LOUISVILLE, Ky. (WDRB) -- A draft opinion suggests the U.S. Supreme Court could be poised to overturn the landmark 1973 Roe v. Wade case that legalized abortion nationwide, and Kentucky legislators are preparing for the next step.

A decision to overrule Roe would lead to abortion bans in roughly half the states and could have huge ramifications for this year's elections. Chief Justice John Roberts on Tuesday confirmed the authenticity of a leaked draft opinion but said it "does not represent a decision by the Court or the final position of any member on the issues in the case.”

University of Louisville Political Science professor Jamie Abrams said because the opinion is a draft, nothing has changed yet.

"Tomorrow, today, and yesterday the law of Kentuckians in terms of access to abortion remains as it was," Abrams said. However, because the 96-page draft was so concise, Abrams said she believes Roe v. Wade will be struck down, leaving the final say up to each state based on its Bill of Rights.

"This is not kicking around an idea to try it on for size," she said. "This is a draft of an opinion, (which) will be finessed and tweaked, but the fundamental outcome I think it unlikely."

In a news conference Tuesday morning in Lexington, Kentucky Sen. Damon Thayer, R-Georgetown, said he expected this result.

"I think if you follow SCOTUS on a regular basis, you could read the tea leaves," Thayer said. "And if you read Justice Alito’s potential opinion — that was, again, leaked in an unprecedented manner — I think you can see this coming. I think we’re all just hopeful and ... ready to get to work in January if we need to take further steps."

Sen. Donald Douglass, R-Nicholasville, reiterated that point, ensuring Senate Republicans will be ready in Frankfort.

"I think we have to be very, very careful how we approach this and what we say about this," Douglass said Tuesday. "But if this truly is true, I want you to know Kentucky General Assembly is ready. We’re ready to meet and we’re ready to create some of the toughest laws that there are."
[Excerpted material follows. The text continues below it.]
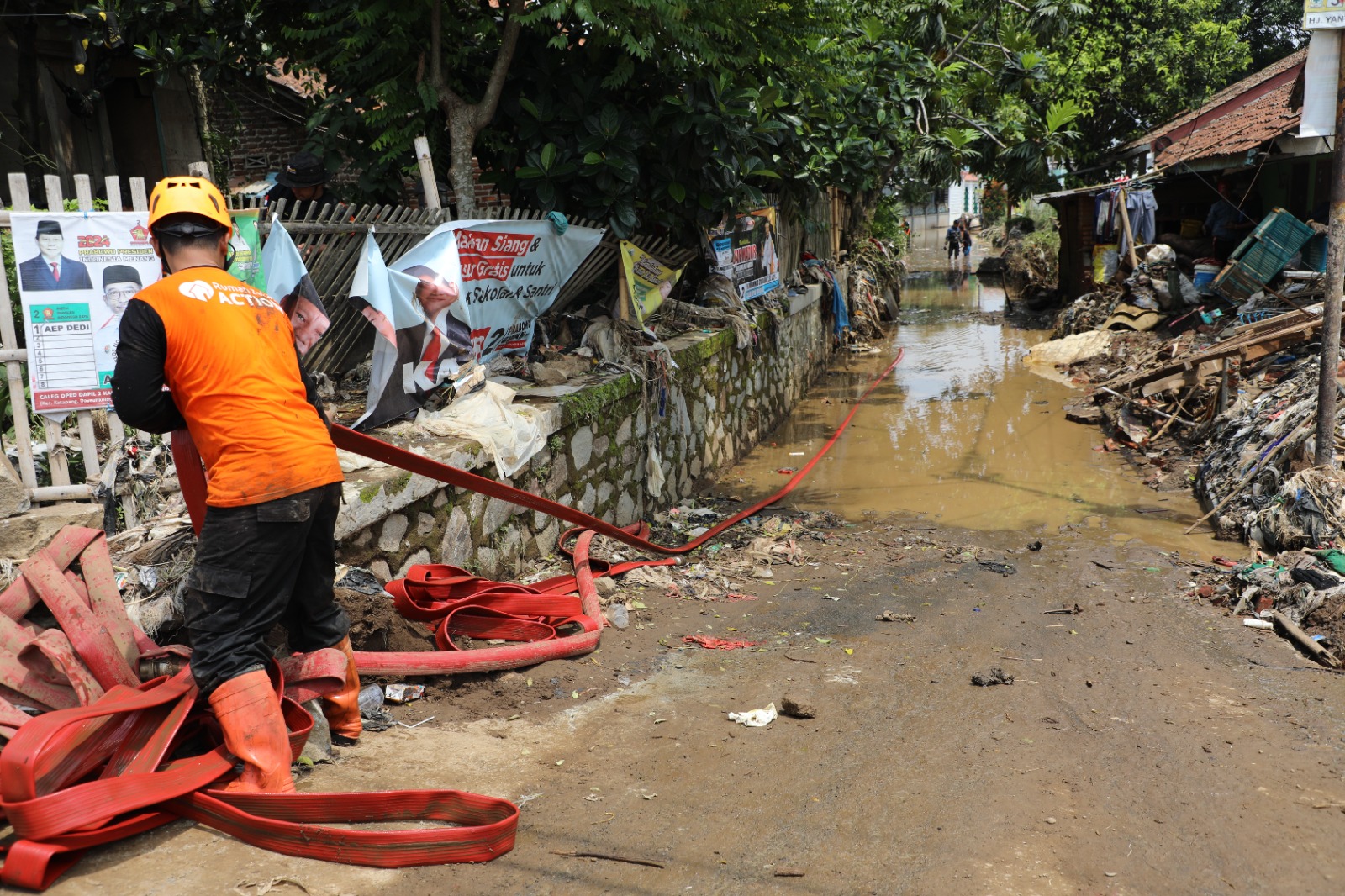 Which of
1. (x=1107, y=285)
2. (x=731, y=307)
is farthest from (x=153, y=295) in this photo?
(x=1107, y=285)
Kentucky Rep. John Yarmuth, D-Louisville, tweeted on Tuesday that banning abortion "means women will die."

"It’s official; the United States is under minority rule, and that minority doesn’t include women," he wrote. "Forced birth is un-American. Banning abortion means women will die. It’s that devastatingly simple."

Sen. Morgan McGarvey, D-Louisville, called a potential ban a "sickening setback for women in Kentucky."

"The Kentucky General Assembly has acted in such a way that all abortion access will be cut off — including just this year — voting 30-8 to make sure that there are no exemptions for a woman or child who's a victim of rape or incest," he said.

Twenty-six states are certain or likely to ban abortion if Roe v. Wade is overturned, according to the pro-abortion rights think tank the Guttmacher Institute. Of those, 22 states already have total or near-total bans on the books that are currently blocked by Roe. Four more states are considered likely to quickly pass bans, if Roe is overturned.

If the issue of abortion rights does eventually fall on each state, Kentucky has a trigger law in place, one of 13 in the country.

"If Roe v. Wade is overturned, the law passed in Kentucky back in 2019 would automatically take effect and would ban access to abortion in Kentucky," Abrams said.

That could force women seeking an abortion to go to other states for the procedure.

"I actually think that the eyes of the country are going to turn to Kentucky quicker than we might expect," Abrams said. "Kentucky is actually, I think will be the first state to actually push the question of abortion access to the people as compared to the state legislature."

Indiana doesn't have a trigger law. Political experts in the Hoosier state also think it would have its own say, no longer under under a federal umbrella. It's likely abortion laws would become more strict in the state.

"It would give the state a lot of liberty to decide how we want to address this policy," said Dr. Laura Wilson, a Political Science professor at the University of Indianapolis. "It's quite possible that we would follow precedents that we've seen in Texas and Mississippi, but the state itself is not a monolith and it is hoped you would see a diversity of opinions and hopefully some thoughtful leadership in crafting this legislation."

Senate Minority Leader Mitch McConnell, R-Kentucky, decried the leaked document, saying the U.S. Supreme Court should be "completely free to do their jobs." Blaming the leak on the "radical left," McConnell said the justices should have the full support without an "inappropriate pressure campaign." 

"I want all nine Justices to know there are still principled Senators who have their backs no matter what," he said. "There are still some people in this Capitol — and a majority in the Senate — whose support for the rule of law is not conditional."

Monday night's leak jumpstarted the intense political reverberations that the high court’s ultimate decision was expected to have in the midterm election year. Already, politicians on both sides of the aisle were seizing on the report to fundraise and energize their supporters on either side of the hot-button issue.

A decision is expected sometime this summer.